→ **Work item**
Set down each line of the data below exactly.

##############################

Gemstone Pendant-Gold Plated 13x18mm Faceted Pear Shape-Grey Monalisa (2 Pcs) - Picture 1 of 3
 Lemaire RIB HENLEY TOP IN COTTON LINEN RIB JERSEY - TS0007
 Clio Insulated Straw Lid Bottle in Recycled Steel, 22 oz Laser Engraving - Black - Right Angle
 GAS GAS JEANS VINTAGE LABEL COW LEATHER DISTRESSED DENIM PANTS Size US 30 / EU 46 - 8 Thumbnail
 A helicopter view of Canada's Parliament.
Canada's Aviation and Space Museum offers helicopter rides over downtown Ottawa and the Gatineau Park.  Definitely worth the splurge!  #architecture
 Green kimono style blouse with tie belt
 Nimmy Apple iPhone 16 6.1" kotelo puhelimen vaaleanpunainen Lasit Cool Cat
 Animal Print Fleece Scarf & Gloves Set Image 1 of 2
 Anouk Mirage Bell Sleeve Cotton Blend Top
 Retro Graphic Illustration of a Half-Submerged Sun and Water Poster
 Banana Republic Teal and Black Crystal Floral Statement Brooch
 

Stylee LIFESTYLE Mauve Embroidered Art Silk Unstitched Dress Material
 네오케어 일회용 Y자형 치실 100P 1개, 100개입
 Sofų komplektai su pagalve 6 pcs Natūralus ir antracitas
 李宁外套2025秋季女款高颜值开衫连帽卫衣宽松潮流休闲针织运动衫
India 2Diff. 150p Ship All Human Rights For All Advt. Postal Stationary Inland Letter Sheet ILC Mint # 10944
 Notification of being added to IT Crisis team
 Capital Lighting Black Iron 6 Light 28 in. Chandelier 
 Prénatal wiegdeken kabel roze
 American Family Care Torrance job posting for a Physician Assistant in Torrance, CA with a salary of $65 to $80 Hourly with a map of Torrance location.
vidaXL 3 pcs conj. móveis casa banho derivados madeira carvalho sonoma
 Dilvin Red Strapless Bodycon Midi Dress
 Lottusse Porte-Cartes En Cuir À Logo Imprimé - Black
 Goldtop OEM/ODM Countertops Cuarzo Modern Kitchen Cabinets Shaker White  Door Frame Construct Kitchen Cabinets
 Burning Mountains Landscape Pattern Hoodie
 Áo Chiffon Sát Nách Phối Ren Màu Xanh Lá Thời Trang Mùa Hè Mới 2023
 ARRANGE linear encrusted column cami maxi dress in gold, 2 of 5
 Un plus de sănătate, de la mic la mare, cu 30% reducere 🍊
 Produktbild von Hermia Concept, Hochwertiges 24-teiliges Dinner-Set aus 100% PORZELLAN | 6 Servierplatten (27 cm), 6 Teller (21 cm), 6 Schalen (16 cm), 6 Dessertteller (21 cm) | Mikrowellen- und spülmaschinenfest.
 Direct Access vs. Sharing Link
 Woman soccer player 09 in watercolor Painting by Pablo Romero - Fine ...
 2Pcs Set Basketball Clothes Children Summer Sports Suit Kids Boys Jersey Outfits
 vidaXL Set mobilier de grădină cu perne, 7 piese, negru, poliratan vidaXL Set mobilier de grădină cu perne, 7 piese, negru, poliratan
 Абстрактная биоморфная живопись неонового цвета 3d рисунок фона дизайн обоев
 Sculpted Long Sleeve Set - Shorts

##############################

→ **Written reply**
Gemstone Pendant-Gold Plated 13x18mm Faceted Pear Shape-Grey Monalisa (2 Pcs) - Picture 1 of 3
 Lemaire RIB HENLEY TOP IN COTTON LINEN RIB JERSEY - TS0007
 Clio Insulated Straw Lid Bottle in Recycled Steel, 22 oz Laser Engraving - Black - Right Angle
 GAS GAS JEANS VINTAGE LABEL COW LEATHER DISTRESSED DENIM PANTS Size US 30 / EU 46 - 8 Thumbnail
 A helicopter view of Canada's Parliament.
Canada's Aviation and Space Museum offers helicopter rides over downtown Ottawa and the Gatineau Park.  Definitely worth the splurge!  #architecture
 Green kimono style blouse with tie belt
 Nimmy Apple iPhone 16 6.1" kotelo puhelimen vaaleanpunainen Lasit Cool Cat
 Animal Print Fleece Scarf & Gloves Set Image 1 of 2
 Anouk Mirage Bell Sleeve Cotton Blend Top
 Retro Graphic Illustration of a Half-Submerged Sun and Water Poster
 Banana Republic Teal and Black Crystal Floral Statement Brooch
 

Stylee LIFESTYLE Mauve Embroidered Art Silk Unstitched Dress Material
 네오케어 일회용 Y자형 치실 100P 1개, 100개입
 Sofų komplektai su pagalve 6 pcs Natūralus ir antracitas
 李宁外套2025秋季女款高颜值开衫连帽卫衣宽松潮流休闲针织运动衫
India 2Diff. 150p Ship All Human Rights For All Advt. Postal Stationary Inland Letter Sheet ILC Mint # 10944
 Notification of being added to IT Crisis team
 Capital Lighting Black Iron 6 Light 28 in. Chandelier 
 Prénatal wiegdeken kabel roze
 American Family Care Torrance job posting for a Physician Assistant in Torrance, CA with a salary of $65 to $80 Hourly with a map of Torrance location.
vidaXL 3 pcs conj. móveis casa banho derivados madeira carvalho sonoma
 Dilvin Red Strapless Bodycon Midi Dress
 Lottusse Porte-Cartes En Cuir À Logo Imprimé - Black
 Goldtop OEM/ODM Countertops Cuarzo Modern Kitchen Cabinets Shaker White  Door Frame Construct Kitchen Cabinets
 Burning Mountains Landscape Pattern Hoodie
 Áo Chiffon Sát Nách Phối Ren Màu Xanh Lá Thời Trang Mùa Hè Mới 2023
 ARRANGE linear encrusted column cami maxi dress in gold, 2 of 5
 Un plus de sănătate, de la mic la mare, cu 30% reducere 🍊
 Produktbild von Hermia Concept, Hochwertiges 24-teiliges Dinner-Set aus 100% PORZELLAN | 6 Servierplatten (27 cm), 6 Teller (21 cm), 6 Schalen (16 cm), 6 Dessertteller (21 cm) | Mikrowellen- und spülmaschinenfest.
 Direct Access vs. Sharing Link
 Woman soccer player 09 in watercolor Painting by Pablo Romero - Fine ...
 2Pcs Set Basketball Clothes Children Summer Sports Suit Kids Boys Jersey Outfits
 vidaXL Set mobilier de grădină cu perne, 7 piese, negru, poliratan vidaXL Set mobilier de grădină cu perne, 7 piese, negru, poliratan
 Абстрактная биоморфная живопись неонового цвета 3d рисунок фона дизайн обоев
 Sculpted Long Sleeve Set - Shorts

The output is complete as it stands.